* **Task objective**
Copy every line from the one that holds "Estatua de Nuestra" to the end of the records below, exactly and with nothing else, but without any pictures.
##### Task input #####
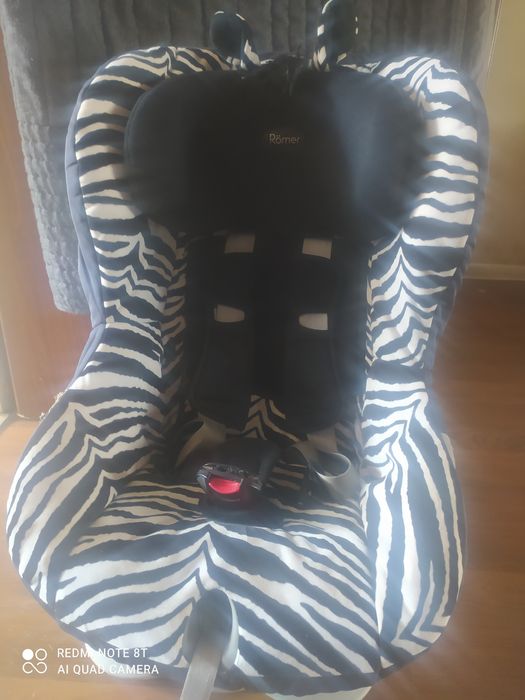 Sprzedam Fotelik samochodowy Britax & Romer King Plus Smart Zebra 9-18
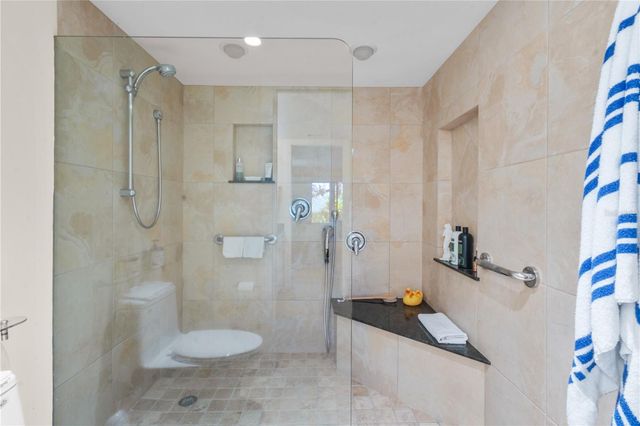 1633 BOATHOUSE CIRCLE 131, Sarasota, FL 34231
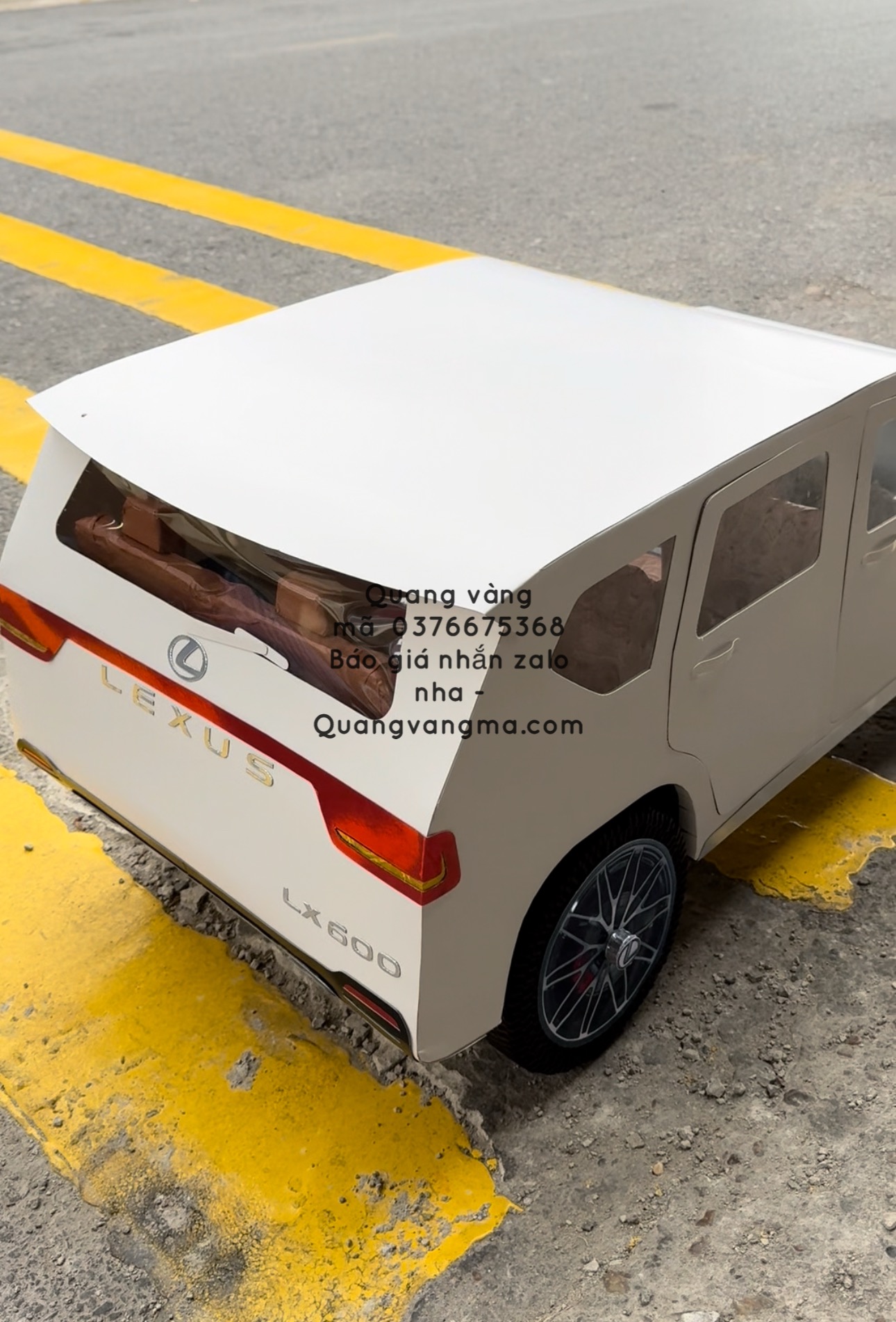 Lexus lx600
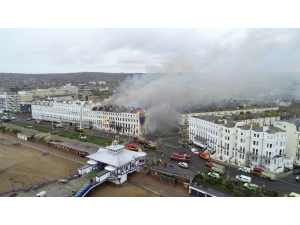 Otelde Korkutan Yangın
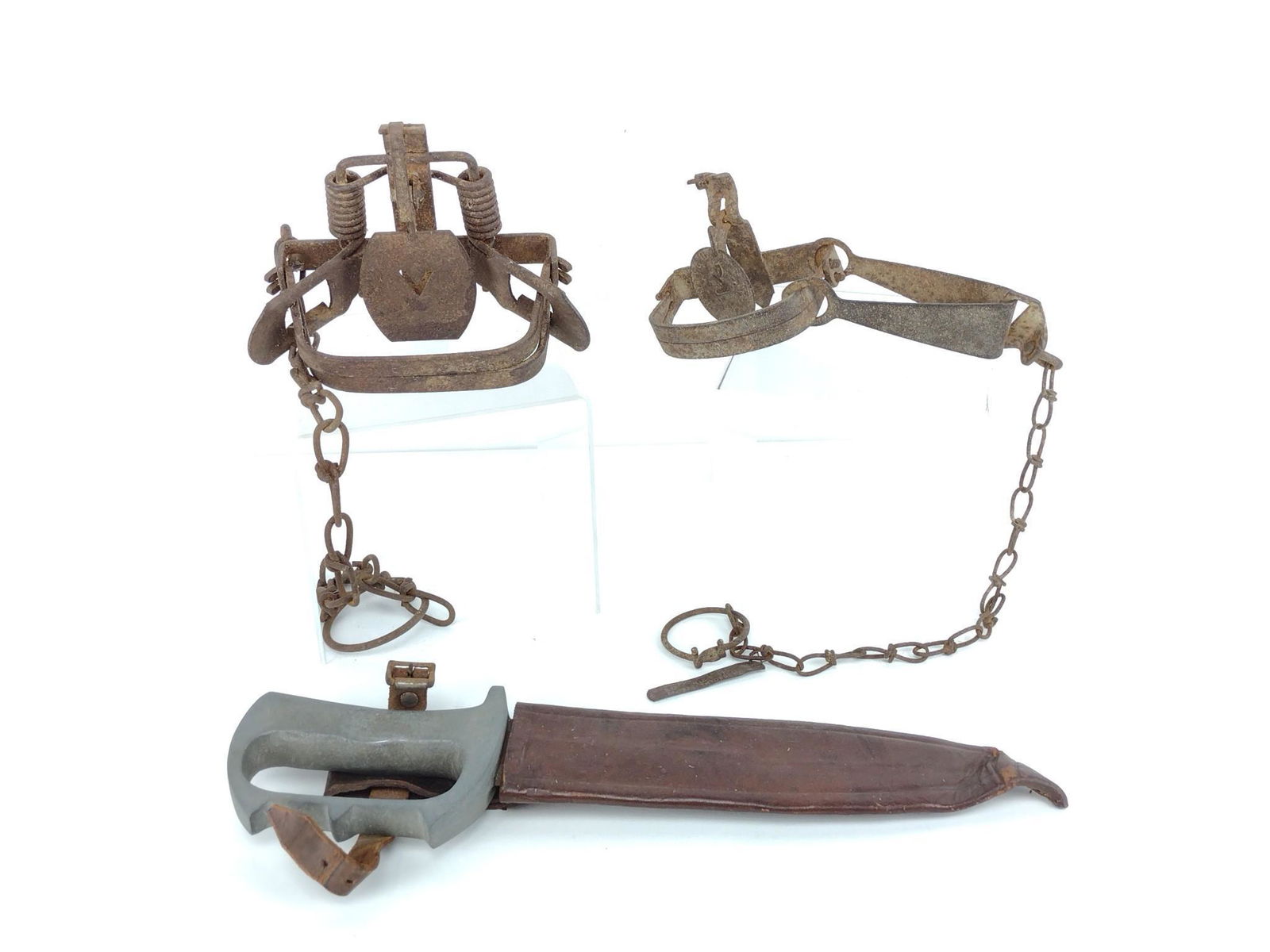 Vintage Trench Knife & Traps (1 of 2)
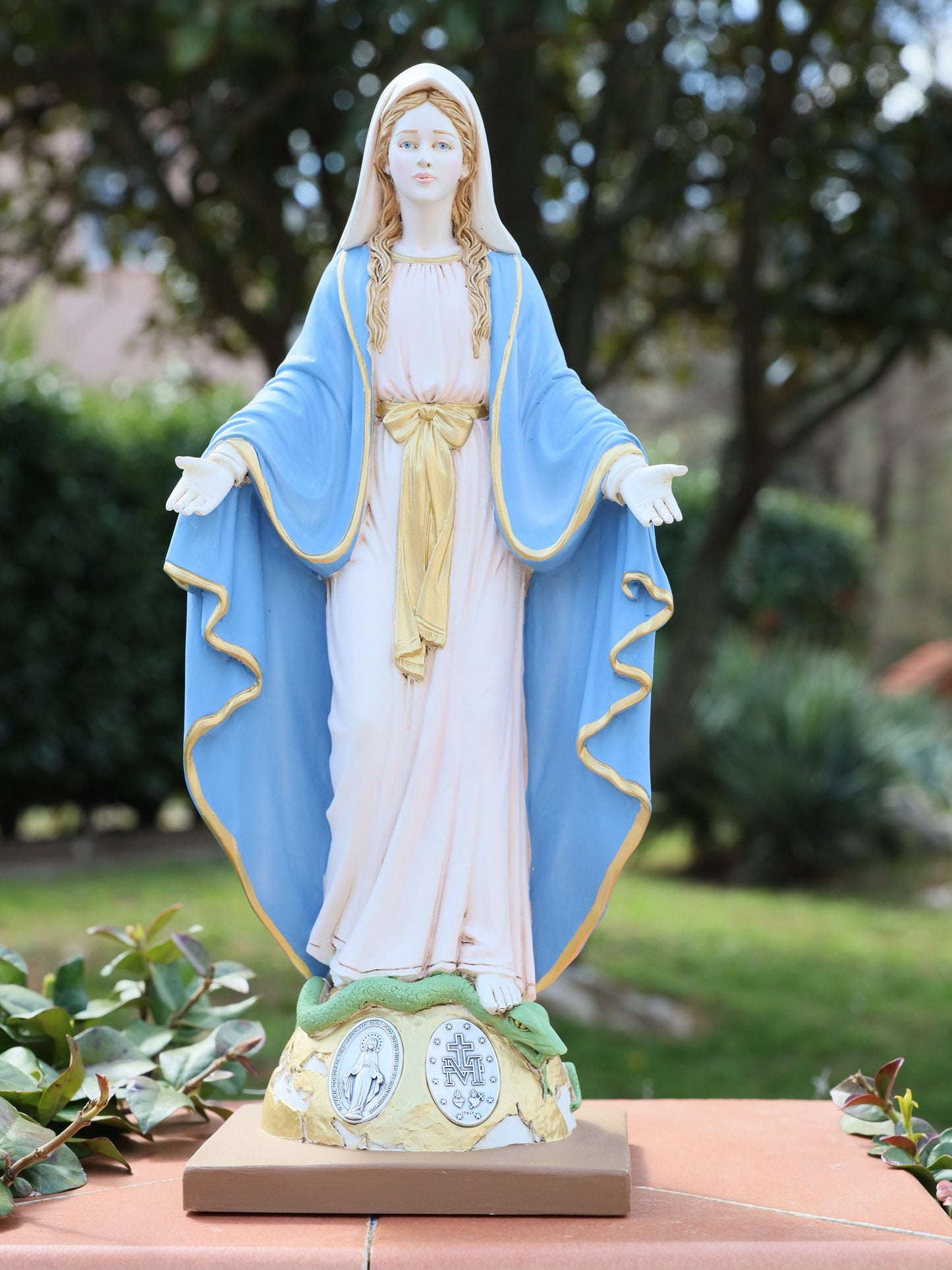 Estatua de Nuestra Señora de Gracia, estatua de la Virgen María de 40 cm, estatua de la medalla de Nuestra Señora de la Milagrosa, estatua de polvo de mármol con Medalla Milagrosa real
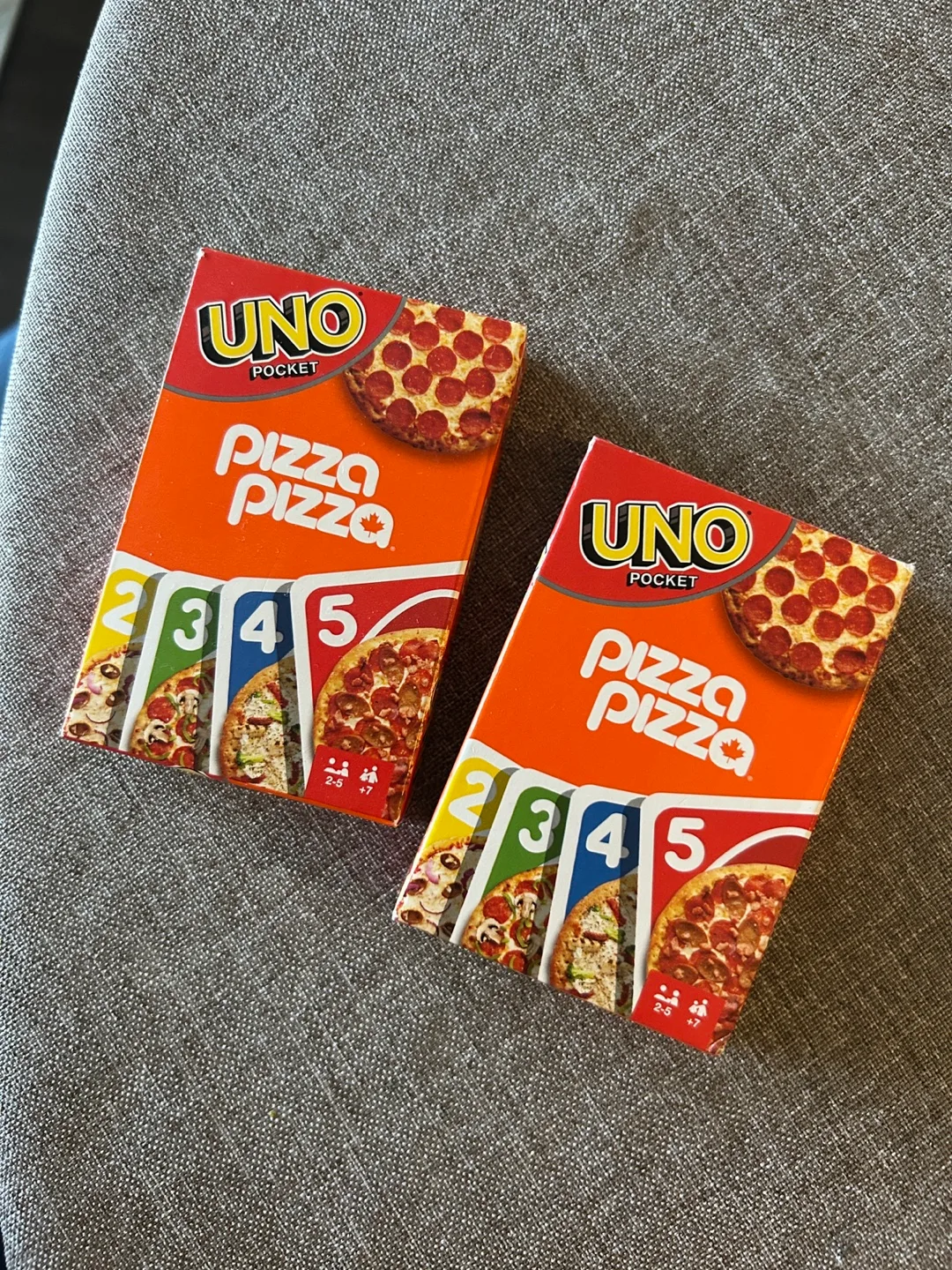 Two UNO Pocket Pizza Pizza Card Games thumbnail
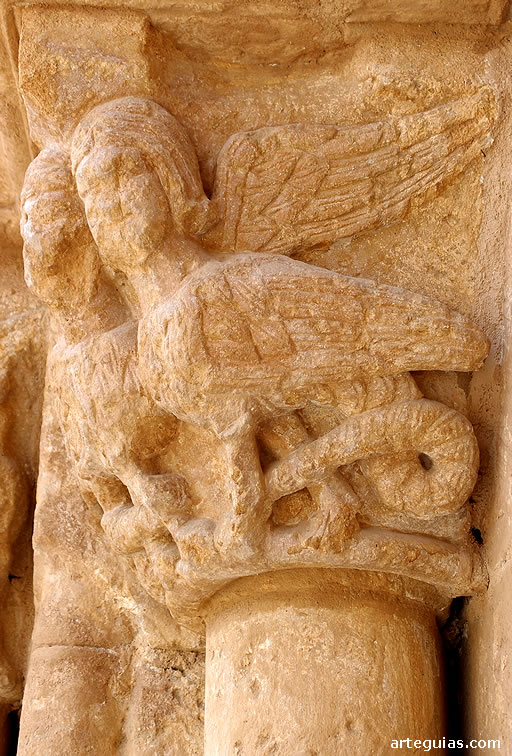 Capitel con pareja de arpías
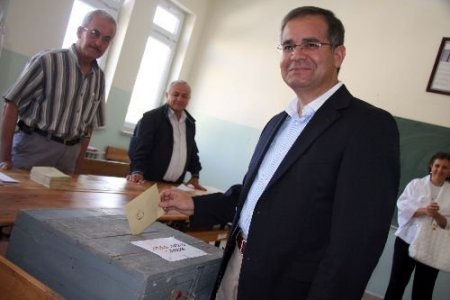 Burdur Protokolü Oyunu Kullandı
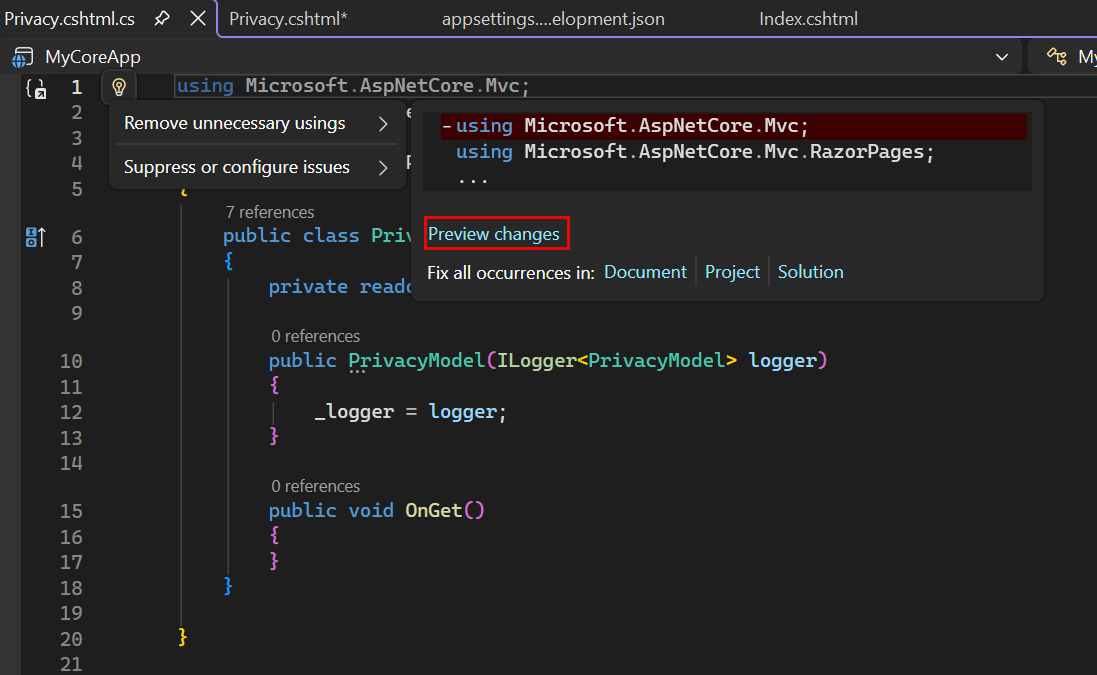 Captura de tela mostra o arquivo Privacy.cshtml no editor de código do Visual Studio com a dica de ferramenta Ações rápidas aberta e as alterações de visualização realçadas.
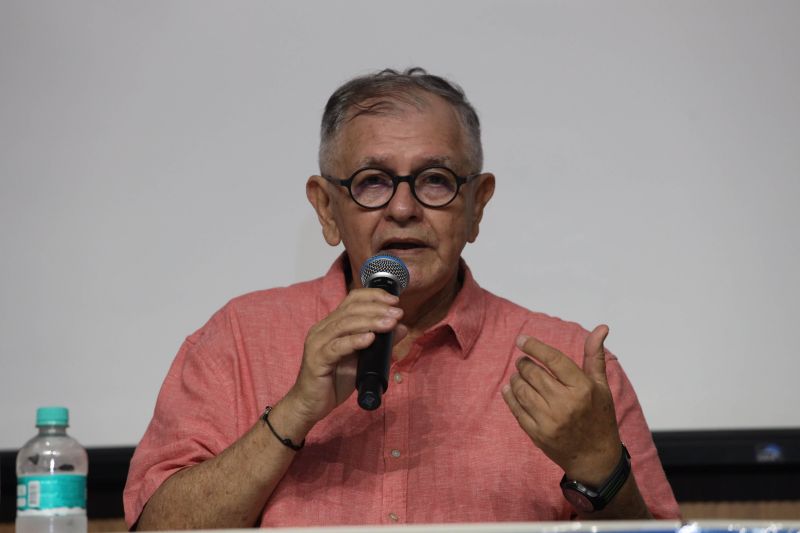 Coletiva da Feira Pan-Amazônica do Livro e das Multivozes 
Edyr Augusto, homenageado  <div class='credito_fotos'>Foto: David Alves / Ag.Pará   |   <a href='/midias/2022/originais/14979_030aaf96-d00d-7d80-d6c6-156f57467c2d.jpg' download><i class='fa-solid fa-download'></i> Download</a></div>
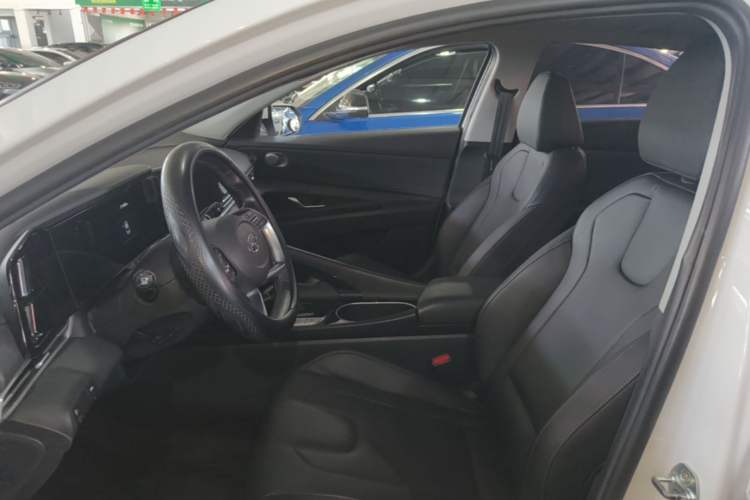 Used Hyundai Elantra 2021 1.5L CVT LUX Prestige Edition Left Front Seat
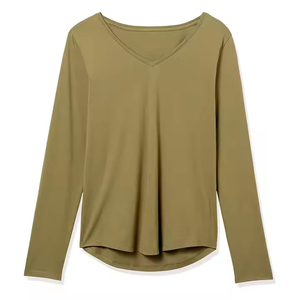 T-shirt personnalisé tendance pour femme, style décontracté streetwear, vente en gros OEM, tissu toile de haute qualité, séchage rapide, personnalisable - Product Image 3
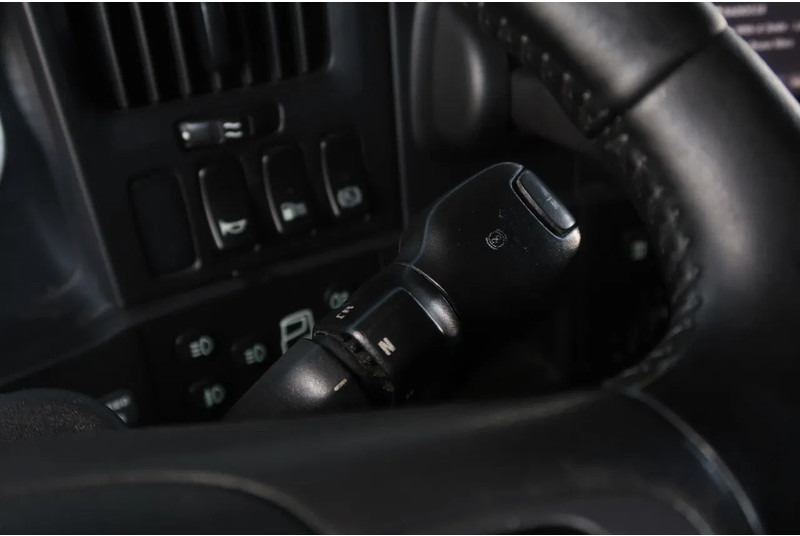 Scania R520 V8 RETARDER/ DIFF LOCK/ PARK AIRCO/ 2X TANK - Cabeza tractora: foto 4 Scania R520 V8 RETARDER/ DIFF LOCK/ PARK AIRCO/ 2X TANK - Cabeza tractora: foto 4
#####
* **Response box**
 Estatua de Nuestra Señora de Gracia, estatua de la Virgen María de 40 cm, estatua de la medalla de Nuestra Señora de la Milagrosa, estatua de polvo de mármol con Medalla Milagrosa real
 Two UNO Pocket Pizza Pizza Card Games thumbnail
 Capitel con pareja de arpías
 Burdur Protokolü Oyunu Kullandı
 Captura de tela mostra o arquivo Privacy.cshtml no editor de código do Visual Studio com a dica de ferramenta Ações rápidas aberta e as alterações de visualização realçadas.
 Coletiva da Feira Pan-Amazônica do Livro e das Multivozes 
Edyr Augusto, homenageado  <div class='credito_fotos'>Foto: David Alves / Ag.Pará   |   <a href='/midias/2022/originais/14979_030aaf96-d00d-7d80-d6c6-156f57467c2d.jpg' download><i class='fa-solid fa-download'></i> Download</a></div>
 Used Hyundai Elantra 2021 1.5L CVT LUX Prestige Edition Left Front Seat
 T-shirt personnalisé tendance pour femme, style décontracté streetwear, vente en gros OEM, tissu toile de haute qualité, séchage rapide, personnalisable - Product Image 3
 Scania R520 V8 RETARDER/ DIFF LOCK/ PARK AIRCO/ 2X TANK - Cabeza tractora: foto 4 Scania R520 V8 RETARDER/ DIFF LOCK/ PARK AIRCO/ 2X TANK - Cabeza tractora: foto 4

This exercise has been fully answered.